Fulfilling her responsibility as an external affairs minister with compassion, Swaraj also ensured return of Geeta, the hearing and speech-impaired woman returned from Pakistan in 2015 after spending 15 years there.
Geeta's story made national headlines after the release of Salman Khan-starrer "Bajrangi Bhaijaan", in which the main character essayed by Khan reunites a Pakistani girl with her mother.
Swaraj worked on a mission-mode to get her back and made all out efforts to search for her family in India. Following her return, more than 10 families from across India claimed that Geeta was their missing daughter. However, none of the claims could be verified in the government's investigations and a search for her family is still on.
Grieving Swaraj's demise, Geeta, staying at an Indore hostel for the deaf and mute, said she has lost a "guardian" and "motherly figure".

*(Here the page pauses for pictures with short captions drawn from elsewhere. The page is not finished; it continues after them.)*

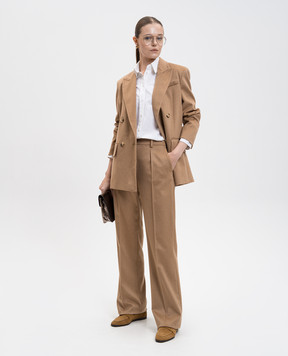 Max Mara Коричневі штани Carbone з вовни верблюда CARBONE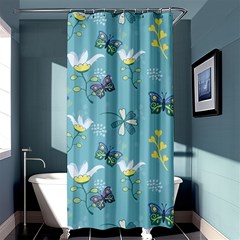 Butterflies Flowers Blue Background Spring Pattern Shower Curtain 36  X 72  (stall)  by Ravend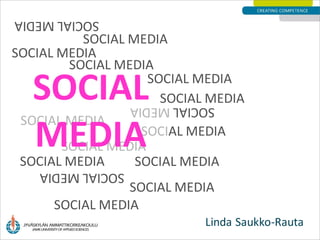 SOCIAL MEDIA
          SOCIAL MEDIA
SOCIAL MEDIA
        SOCIAL MEDIA

  SOCIAL           SOCIAL MEDIA
                     SOCIAL MEDIA
                  SOCIAL MEDIA
 SOCIAL MEDIA
  MEDIA           SOCIAL MEDIA
       SOCIAL MEDIA
 SOCIAL MEDIA    SOCIAL MEDIA
   SOCIAL MEDIA
                SOCIAL MEDIA
     SOCIAL MEDIA
                            Linda Saukko-Rauta
 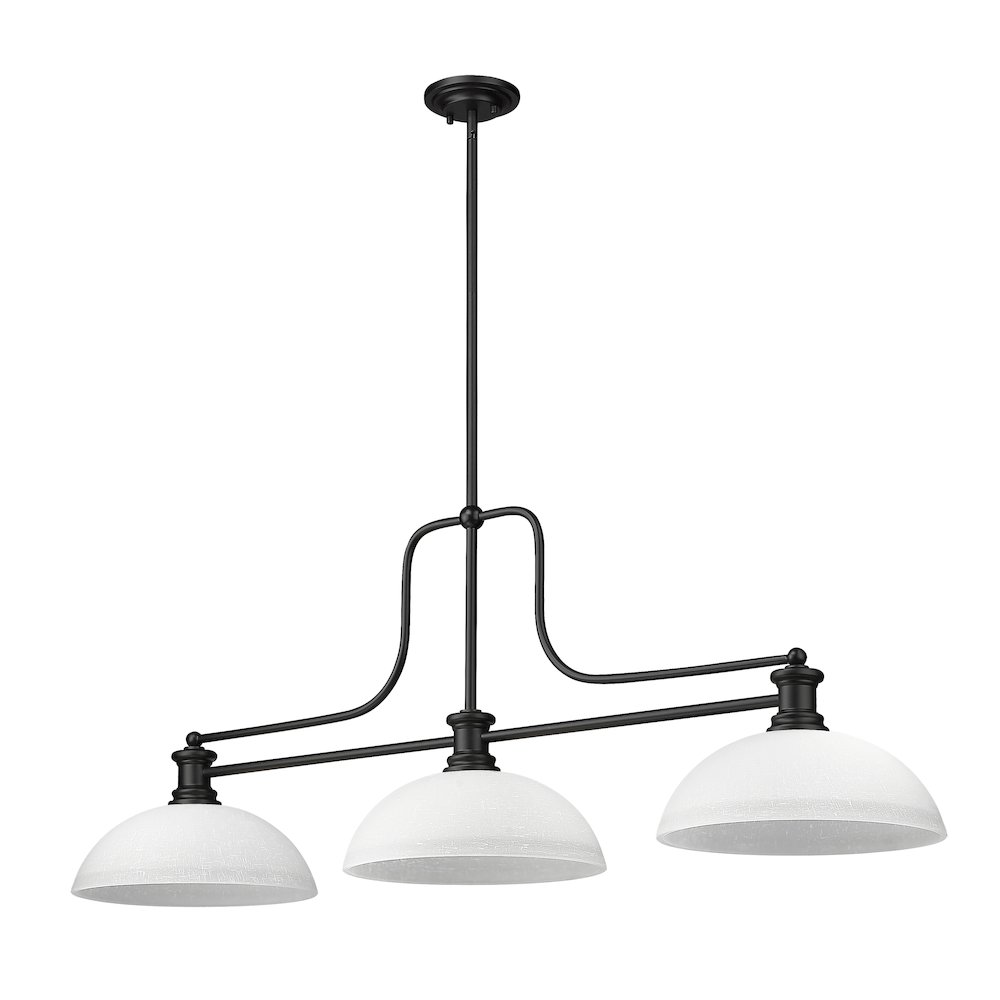 Z-Lite Melange 3 Light Billiard, Steel Frame, White Linen Shade Color. Picture 5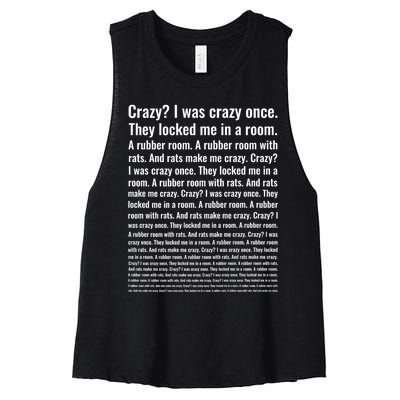 Crazy? I Was Crazy Once. Funny Trending Meme Women's Racerback Cropped Tank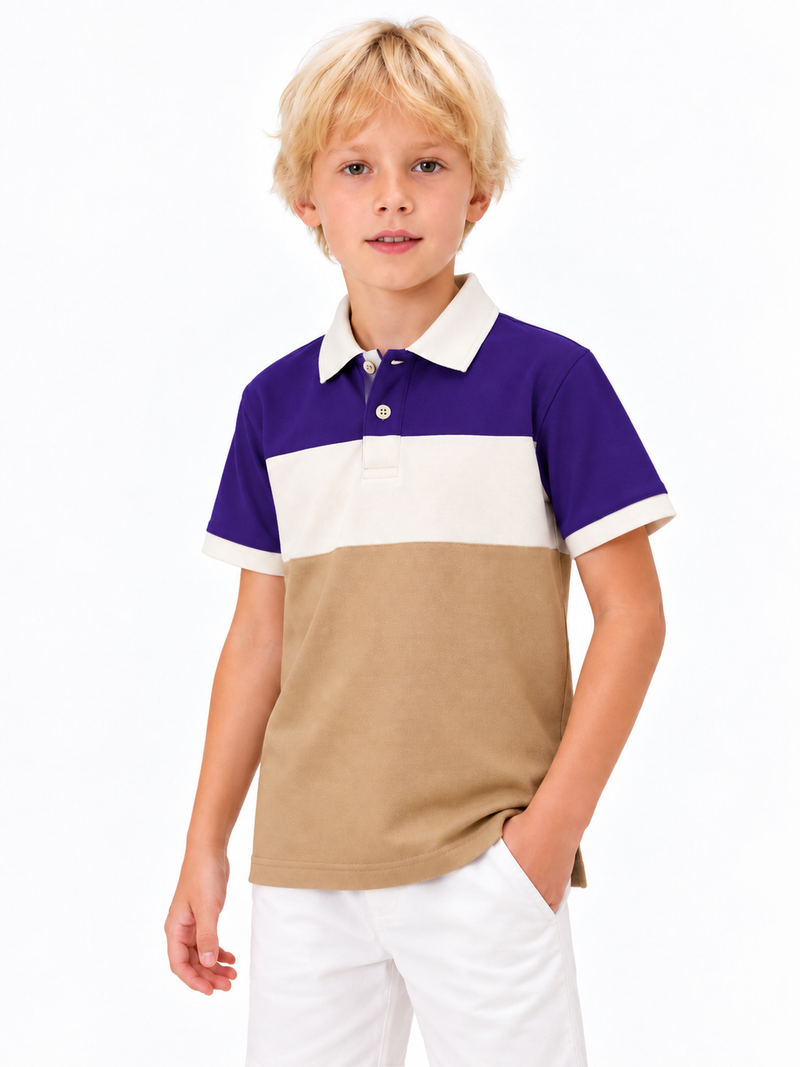 HB Summer P.Q Polo Shirt For Kids indego white with camel- hb07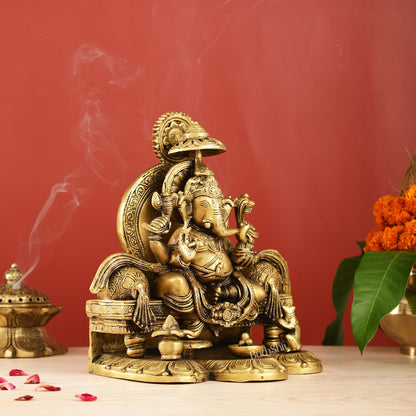 Fine Brass Handcrafted Lord Ganesha Statue 10 inch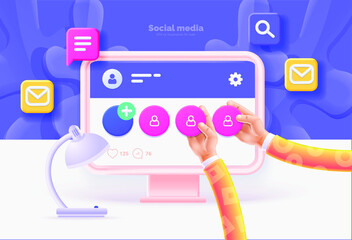 Poster - Social media template. Computer and smartphone with social media user interface. Communication between people using social networks. Vector illustration with computer, phone, icons, 3d style.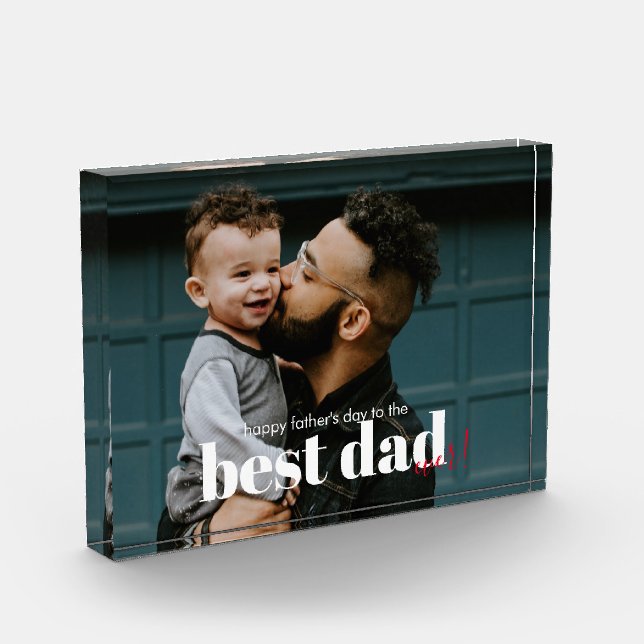 Simple Modern Best Dad Ever Photo Block (Left)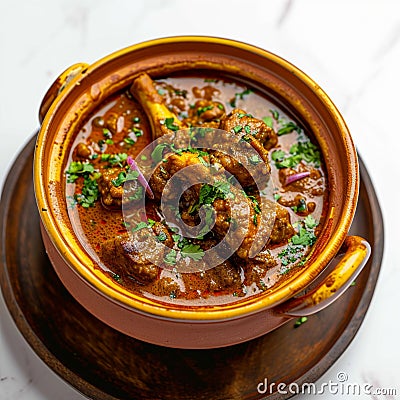 Indian spice Mutton Masala or Gosht Rogan Josh with Naan Stock Photo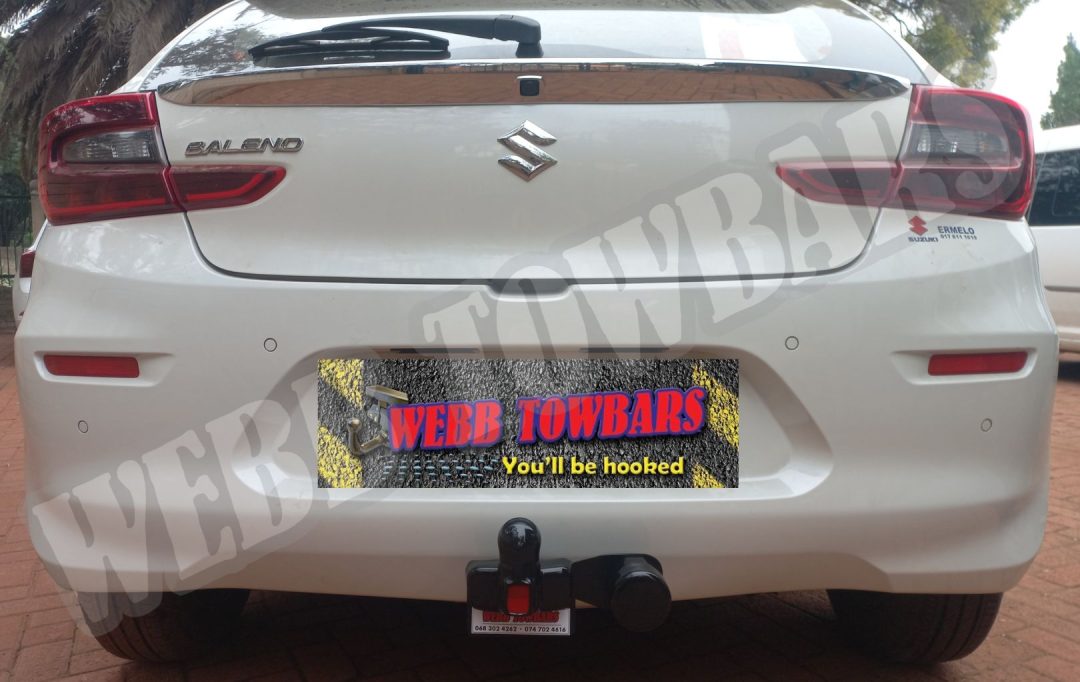 Suzuki Baleno fitted with standard towbar by Webb Towbars in Gauteng, South Africa – precision installation for safe and reliable towing.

Swaraj also ensured the release of 40-year-old Judith D'Souza, an Indian woman working for an international NGO and was kidnapped in Kabul by suspected terrorists.
D'Souza, who was working for the Aga Khan Foundation as a senior technical adviser, was kidnapped outside her office in the heart of Kabul. She was rescued in 2016 after Swaraj pursued her case with Afghan authorities.
Another major diplomatic achievement of Swaraj was securing the release of father Tom Uzhunnalil from Yemen, 18 months after he was abducted in March 2016 by Islamic State terrorists during a deadly attack on a care home run by Mother Teresa's Missionaries of Charity in the port city of Aden.
A video of Uzhunnalil surfaced in which he appealed to the government to free him, following which Swaraj took up the issue with the Deputy Prime Minister of Yemen and requested him to help in securing the release of the priest.
"After my prayers in the morning, I heard this sad news of Sushma Ji's demise. Certainly my mind went back to the first time I spoke to her over phone the day after my release and she spoke to me like an elder sister, reassuring me all the help and assistance that was needed," Uzhunnalil told a TV channel on Wednesday.
Swaraj's relentless efforts to help Indians in distress was also manifested when she took up the case of Indian national Uzma Ahmed with Pakistan at the height of Indo-Pak tension.
Uzma had met a Pakistani citizen, identified as Tahir Ali, in Malaysia and had gone with him to his home, only to find that Ali had four children from a previous marriage. She was then forced to marry him and suffered sexual assaults.
She, somehow, managed to escape and took refuge in the Indian high commission in Islamabad.
Acting on Swaraj's instruction, the mission officials helped Uzma to take legal recourse following which the Islamabad High Court ordered her return.
Amid continued tension in Indo-Pak ties, Swaraj had thanked the Pakistani establishment and judiciary for facilitating the return of Uzma, whom she described as a "daughter of India".
In yet another example of compassion and her drive to help people, Swaraj also facilitated the return of software engineer Hamid Nihal Ansari, six years after he was arrested in Pakistan in 2012 for allegedly entering that country from Afghanistan reportedly to meet a woman he had befriended online. Pakistan had slapped espionage charges against him.
After extensive diplomatic efforts, Ansari was repatriated and handed over to India at the Wagah-Attari border in December last year.
Ansari and his family had thanked Swaraj and the external affairs ministry for persisting with the case and taking it up with Islamabad.